Beach Babe with Books

I’m back!  Vacation was amazing and consisted mostly of eating constantly (lots of crab cakes), drinking, and reading books.  Books have always been my way of judging the quality of a vacation, and this one was no different.  Most of the following titles are books that I learned about from blogs so I’m paying it forward so to speak with my own reviews.  Here is my summer vacation, in books.

All summaries are in italics and from Goodreads.com 

Amy and Roger’s Epic Detour by Morgan Matson

Amy Curry thinks her life sucks. Her mom decides to move from California to Connecticut to start anew–just in time for Amy’s senior year.
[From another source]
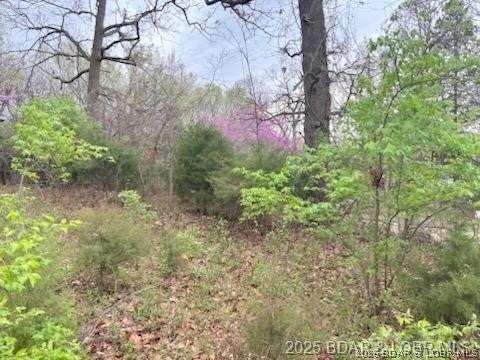 Crestwood Estates Mobile - Land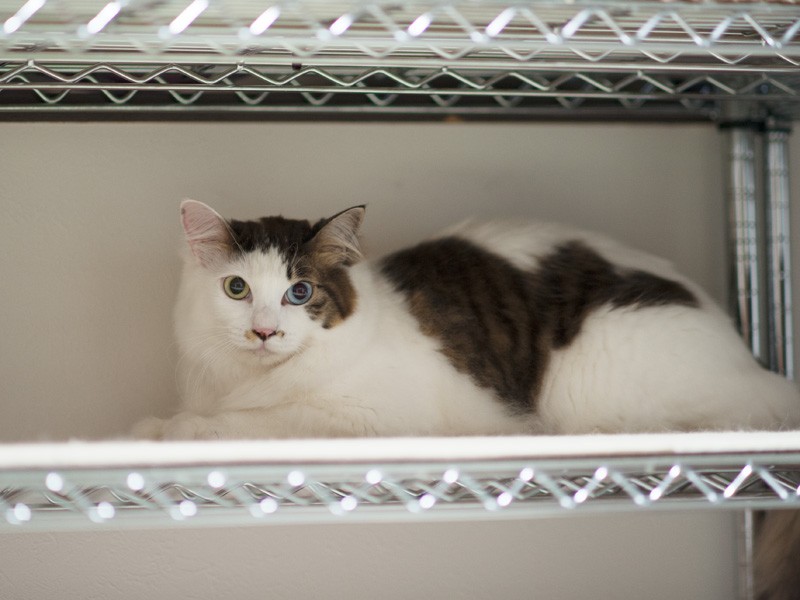 「棚は僕の思索の場さ」（小林写函撮影）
Her dad recently died in a car accident. So Amy embarks on a road trip to escape from it all, driving cross-country from the home she’s always known toward her new life. Joining Amy on the road trip is Roger, the son of Amy’s mother’s old friend. Amy hasn’t seen him in years, and she is less than thrilled to be driving across the country with a guy she barely knows. So she’s surprised to find that she is developing a crush on him. At the same time, she’s coming to terms with her father’s death and how to put her own life back together after the accident. Told in traditional narrative as well as scraps from the road–diner napkins, motel receipts, postcards–this is the story of one girl’s journey to find herself.

I have such a crush on this book. Within the pages, Amy is so lost and sad, and Roger is definitely Book Boyfriend material.    It’s a sweet story interspersed with pictures, maps, and playlists that you guide you along their road trip.  While reading, I had a friend on a road trip of her own and would see pictures on Facebook of different places that Amy and Roger visit, which added to the “cool for me factor”.  The whole book made me want to go on a cross country road trip.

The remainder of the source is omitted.